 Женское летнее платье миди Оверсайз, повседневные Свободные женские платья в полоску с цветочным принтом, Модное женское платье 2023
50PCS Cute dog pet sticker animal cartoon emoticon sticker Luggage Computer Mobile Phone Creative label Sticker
--
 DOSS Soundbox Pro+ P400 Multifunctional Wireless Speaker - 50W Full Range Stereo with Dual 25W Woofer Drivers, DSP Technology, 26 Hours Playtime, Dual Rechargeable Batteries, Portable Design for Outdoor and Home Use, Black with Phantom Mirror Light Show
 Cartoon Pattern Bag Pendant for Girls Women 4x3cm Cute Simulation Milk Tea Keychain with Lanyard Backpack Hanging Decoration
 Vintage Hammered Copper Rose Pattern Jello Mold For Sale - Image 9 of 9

*The problem*.
For the string "Pattern", show each line of the entries above where it occurs.

*Solution to the exercise*.
 Cartoon Pattern Bag Pendant for Girls Women 4x3cm Cute Simulation Milk Tea Keychain with Lanyard Backpack Hanging Decoration
 Vintage Hammered Copper Rose Pattern Jello Mold For Sale - Image 9 of 9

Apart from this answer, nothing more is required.